Residents and officials believe they are being punished because some of those living in the camp support not just the PKK, but the ideology of its jailed leader Abdullah Ocalan, and that their status as “political refugees” has led to their abandonment.

Bewar Amin said that because the camp is independent and has implemented a system of democratic confederalism, it is a threat to the Barzani-led KDP, which aligns itself with the Turkish state and US imperialism.

Turkey’s President Recep Tayyip Erdogan has long railed against the Makhmour refugee camp, which was established under UN protection in 1998 by Kurds who fled Turkey in the 1990s when thousands of villages were burned to the ground in state assimilation operations.

He brands it “an incubator of terrorism” linked to the PKK, and Turkish jets and, more frequently, drones are a constant menace, with women, agricultural workers and other camp residents among those killed in air strikes.

The camp however offers a glimpse of a different way of governing society, with a grassroots democracy seeing decision-making and input from the bottom up in a series of communes and commissions that promote and ensure the primacy of women at all levels.

This includes the camp’s health commission, which sees a nurse and radiographer acting as its current co-chairs elected at a conference held every two years and that remain accountable to the 12,000 camp residents.

It is for this reason that camp officials believe they are targeted.

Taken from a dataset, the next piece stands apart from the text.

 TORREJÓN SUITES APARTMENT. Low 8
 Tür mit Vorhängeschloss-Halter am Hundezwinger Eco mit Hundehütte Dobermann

Their fears have been compounded by the recent deal struck between the KRG and Baghdad over Shengal, behind the backs of the Yazidi residents who have led angry protests rejecting the plans.

Critics of the deal suspect there are plans to create a “Sunni corridor” in the areas that are contested between Baghdad and Erbil to divide the Kurdish enclave known as Rojava in northern Syria from supporters in Iraq and Iran.

It is likely to be an attempt to weaken support for the PKK, which retains support in Shengal for its role in liberating the region from Isis, which massacred thousands of men and boys and sold thousands of Yazidis into sexual slavery.

During our conversation Dr Mustafa, who hails originally from Hamburg in Germany, expressed concern about the Covid-19 situation in Europe and figures from her home country and Britain showing worrying signs of spiraling out of control, and she hoped we would remain safe.

But she appealed directly to trade unions, health workers and others to do what they can to ensure that medics have the necessary equipment and supplies to treat residents of the camp.

“Please support us,” she said. “We have no testing equipment or basic supplies and people are struggling for their lives.”